気を取り直せるはずもないが、落ち着いてゆったりとグラスに注ぐと、決して悪くなく、ワイン自体は健全であった。コルクの上部についていた黒かびは、はじめの一杯目で取り除け、あとはロブマイヤーのブルゴーニュVに10杯ずつ均等注ぎをする。3週間前からボトルは立てていたので、澱は底部にこびりついていて、グラスに入ることはなかった。で、そのお味は・・・。先に飲んだロマネ・コンティ1970の深みのある味わいが再現され、私の狼狽は救われたのだった。時間と共に、深みを増す芳醇な香。なめし皮、干しイチヂク、梅がつお、追い鰹の美しいブーケがいつまでも漂い続け、それは優雅なひと時を楽しむことが出来たようだ。古酒は怖いが、この域に達するワインを楽しむことが出来ると、やはり早飲みは罪だと言われても否定はできず、でも個人的には若いビンテージのほうが好きだと思ったりする。

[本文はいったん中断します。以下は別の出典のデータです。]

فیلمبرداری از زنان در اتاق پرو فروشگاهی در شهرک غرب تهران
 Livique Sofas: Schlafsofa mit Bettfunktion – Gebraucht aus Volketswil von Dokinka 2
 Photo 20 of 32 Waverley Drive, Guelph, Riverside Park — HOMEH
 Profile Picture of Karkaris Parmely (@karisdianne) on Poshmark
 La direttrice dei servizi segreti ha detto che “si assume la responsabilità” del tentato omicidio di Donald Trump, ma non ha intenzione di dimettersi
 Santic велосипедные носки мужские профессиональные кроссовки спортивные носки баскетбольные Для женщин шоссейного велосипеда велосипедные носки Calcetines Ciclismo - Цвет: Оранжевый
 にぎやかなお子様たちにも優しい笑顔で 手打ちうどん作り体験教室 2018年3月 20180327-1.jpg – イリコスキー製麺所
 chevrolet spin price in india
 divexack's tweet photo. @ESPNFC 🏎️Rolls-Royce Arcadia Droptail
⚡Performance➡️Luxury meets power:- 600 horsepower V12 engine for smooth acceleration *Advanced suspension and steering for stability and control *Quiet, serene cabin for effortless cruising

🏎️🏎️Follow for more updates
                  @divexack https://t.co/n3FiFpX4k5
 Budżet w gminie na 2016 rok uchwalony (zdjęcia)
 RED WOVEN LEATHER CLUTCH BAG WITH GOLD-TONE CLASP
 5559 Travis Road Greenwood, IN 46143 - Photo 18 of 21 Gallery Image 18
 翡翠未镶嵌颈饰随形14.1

2000 ジュブレ・シャンベルタン1級 ドニ・モルテ 2005/09/18 in nonona
最近の大定番になったドニーのジュブレ1級は、まさに今が飲み頃で、熟成モードと果実味の健在を同時に楽しめる逸品。力強さはあまりなく、しかし甘酸っぱいピノ・ノワールの魅力を持ち、この一杯をもってブルゴーニュワインの魅力に取り付かれること必死の、ある意味不幸の始まり系のワイン。ややもすると下り坂に突入しているが、その微妙な加減が好みかも。
2003 リュリ・サン・ジャック白 フランソワ・ダレーヌ 2005/09/17 in ロウホウトイ
成城石井が輸入しているのに、そこでは購入できない不思議なワインは、いくつかあって、その中でもこのリュリの白は秀逸な味わい。リュリというマイナーな産地の本当は凄いポテンシャルと、2003年の酷暑にもかかわらず、甘ったるいボリューム感を避け、きっちりとバランスを確保しつつ、このミネラル感はすばらしい。最近流行のけばいシャルドネにヘキヘキしても、このシャルドネに出会えたら、きっとシャルドネにもどれる・・・。そんな予感に満ちた名品だ。ケース買いもナイスな選択かも。
2004 ミュスカデ・セーブル・エ・メーヌ ランドロン 2005/09/17 et 18 in ロウホウトイとnonona
アンフィボリット・ナチュールと明記(本当はフランス語)された逸品は、私のパリ滞在中の隠れたアイテムだったりするが、ようやく日本でも購入できた。このミュスカデは、ミネラルが豊富で、かなりうまい。個人的には、「遅刻気味の駆けつけ一杯目で何を飲んだら幸せか選手権」で、シャンパーニュを押さえ堂々の一位に輝いているが、どうでしょうか。海の香を思い出し、焼いただけの魚やサザエなどにもあいそうな、和食のお店のグラスワインにあったら最高な味わいに感激である。
2004 セレクト赤 イケダワイナリー 2005/09/22 in ninosa
2003年の終売により急きょリリースされたイケダのカベルネ・ソービニョンとメルロのブレンドワイン。個人的に2003年の強烈なうまみ成分に、日本の赤ワインの暁を覚えたが、この2004年には日本のワインのビンテージの違いの認識をまざまざと見せ付けられた思いもする。ボトルから飲むにはタンニンが目立ちすぎ、バランスの悪さが残念だが、デカンタをして2時間待てば、スパイシーな黒胡椒ととともに黒系果実の充実した味わいが楽しめるから面白い。ひとによって樽香が効き過ぎているとの評価もあるが、私はそれほどでもないと思ったりする。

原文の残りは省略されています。